3 minute read

My latest Pluralsight course is out now:

HDInsight Deep Dive: Storm, HBase and Hive

It’s an in-depth look at the Azure Big Data offerings that went live this year - HDInsight clusters running Storm, HBase and Hive. Those are three tried-and-trusted Big Data technologies from Apache, which you can run in the Azure cloud on a pay-as-you-go compute model.

Storm is a distributed compute platform which works well as an event processor; HBase is a NoSQL database used for real-time access with huge quantities of data, and Hive is a data warehouse that can run over HBase and Hadoop data with a SQL-like interface.

Who’s the course for?

This is an Intermediate level course that starts with the basics on all the technologies, and then goes into a deep dive.

You’ll learn all you need to know about Azure, HDInsight, Storm, HBase and Hive to deliver high-quality, high-value solutions.

The course uses C#, .NET and Visual Studio, so you’ll benefit if you have some experience there, but no prior knowledge of HDInsight or Big Data is required.
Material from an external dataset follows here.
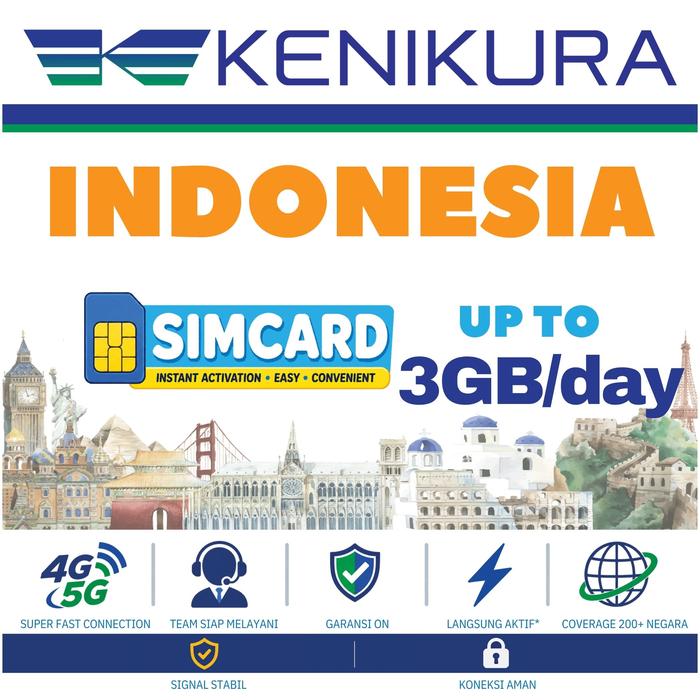 Gambar SIM Card Indonesia Kuota Harian - Daily Quota | Indo SimCard Internet Travel | Kenikura - 1 Day, 500MB/day dari Kenikura Tour Kota Tangerang Selatan Tokopedia
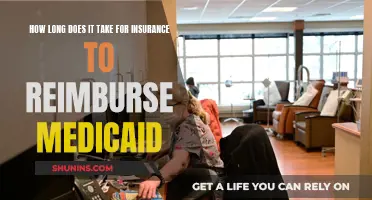 Understanding Medicaid Reimbursement: Timelines and Expectations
What does the course demonstrate?

No word counts!

No Web server logs!

In the course I demonstrate building a useful, complex solution where Big Data technologies are a good fit, reducing the amount of code you need to write while providing a solution capable of handling massive scale.

The demo solution is an example of how you can build a high-scale transactional solution leveraging the Hadoop stack. And the problem is one which is well suited to having occasional compute - firing up the clusters when you need to process data, and spinning them down afterwards.

That’s a crucial approach for minimizing spend in the cloud, and I show how to do that and provide access to key data even when the clusters are deleted.

The demo code for the course is a race timing solution where the timers on the course send events to Azure Event Hubs:

Race timers sending events to Azure

The events are pulled by a Storm application, which saves the raw data in HBase and also stores and calculates and saves interim results.

Timing events may be received out of order though, so the interim results could be incorrect. When the race is complete I use Hive to calculate the final results from the raw timing event data, and write it out to HDFS as an Azure blob, which is available whether the HDInsight cluster is running or not.

A high-volume transactional solution with HDInsight

How deep do you dive?

For each technology there’s a functional module where I introduce the stack and build out the race timing solution. Then there’s a Deep Dive module for each technology, which details how it works and how to get the best from it:

Storm Deep Dive - covers performance tuning Storm topologies; how applications are distributed in HDInsight; implementing guaranteed messaging; unit and integration testing Storm .NET solutions

HBase Deep Dive - what the servers in the cluster do; region splits and pre-splitting regions; load balancing Stargate with Nginx; integration testing HBase .NET solutions using a Docker container

Hive Deep Dive - HiveQL execution plans; monitoring jobs with YARN; filter push-down for HBase tables; submitting jobs with PowerShell; accessing Hive from C# with ODBC

Where does this course fit?

HDInsight Deep Dive complements my previous Big Data course for Pluralsight - Real World Big Data in Azure. That takes a first-principles approach to Big Data and looks at building custom code to process it.

Often that works well for your first Big Data project(s), but you can find the amount of code you need to maintain and the stack you have to monitor can slow you down.

Leveraging more tools from the Hadoop ecosystem, especially where they run as managed HDInsight clusters on Azure, can make a compelling case for implementing a more streamlined Big Data solution, which this course shows you how to do.